> **Exercise goal**
Print the whole listing below exactly as given, pictures excluded.

*** Source material ***

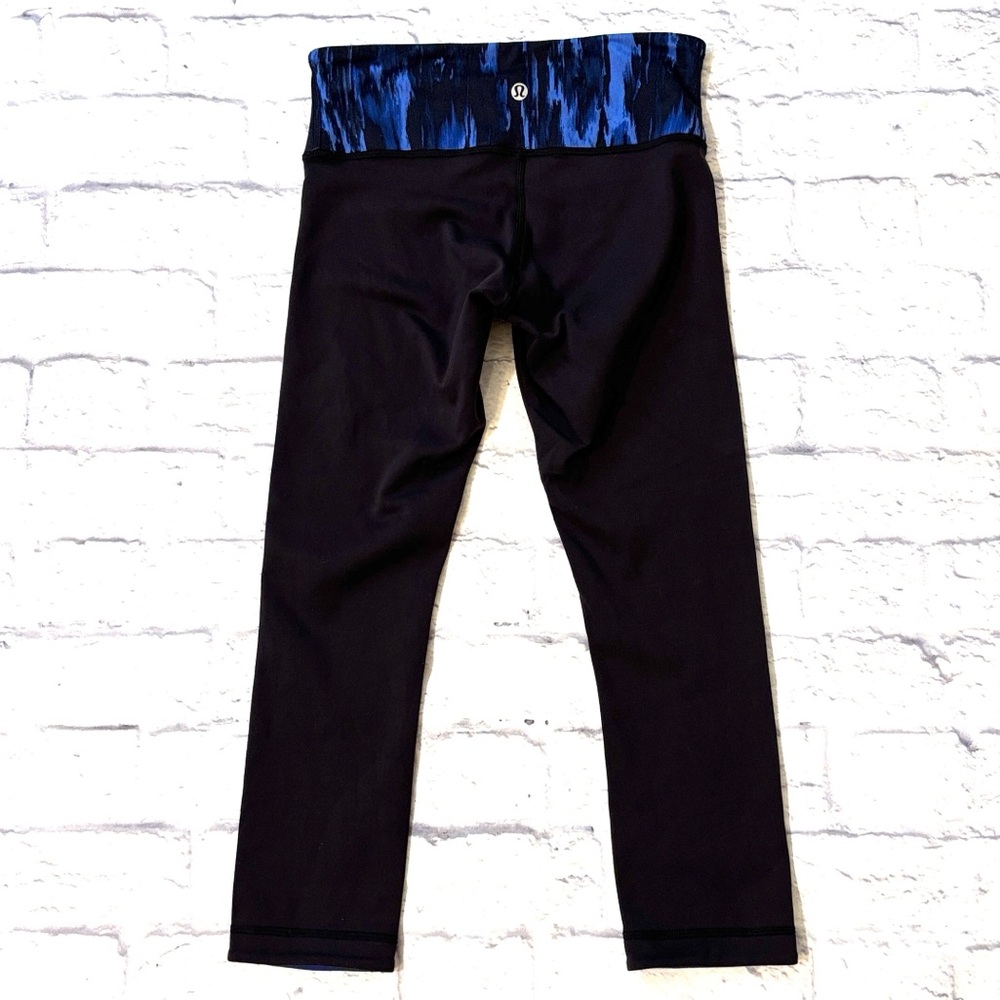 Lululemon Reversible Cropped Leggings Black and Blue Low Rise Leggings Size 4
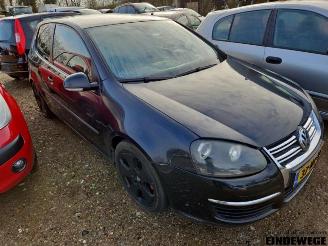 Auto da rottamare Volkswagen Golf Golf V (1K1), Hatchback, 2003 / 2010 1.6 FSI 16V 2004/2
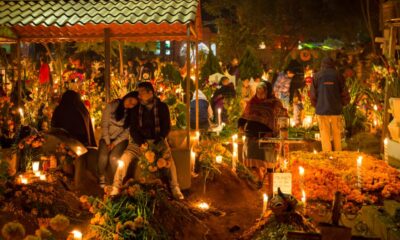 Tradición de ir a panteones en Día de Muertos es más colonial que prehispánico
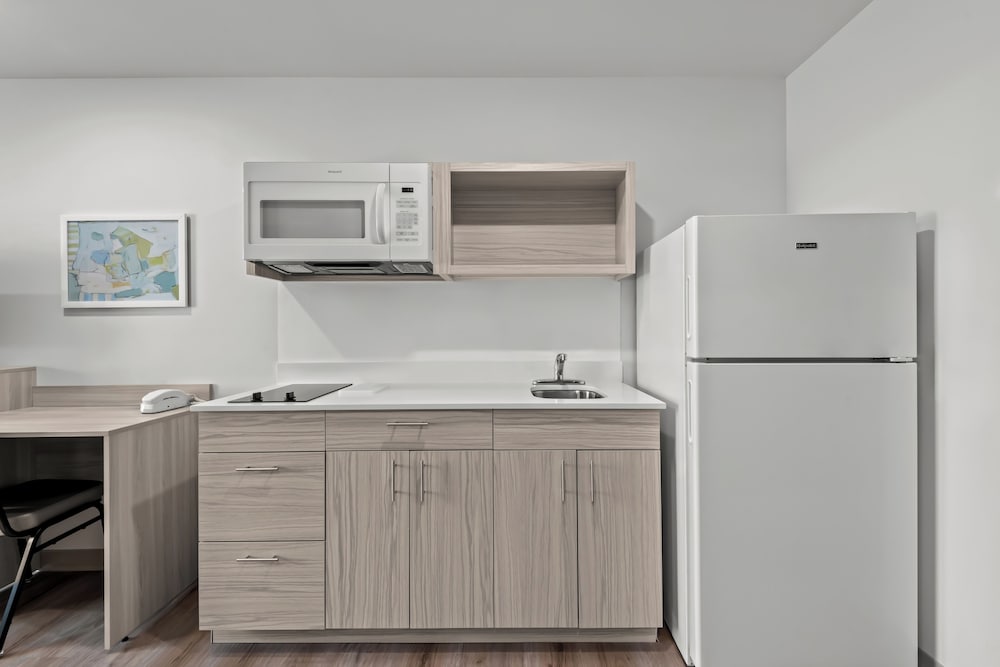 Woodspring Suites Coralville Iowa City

*** End of Source material ***

> **Result of this exercise**
 Lululemon Reversible Cropped Leggings Black and Blue Low Rise Leggings Size 4
 Auto da rottamare Volkswagen Golf Golf V (1K1), Hatchback, 2003 / 2010 1.6 FSI 16V 2004/2
 Tradición de ir a panteones en Día de Muertos es más colonial que prehispánico
 Woodspring Suites Coralville Iowa City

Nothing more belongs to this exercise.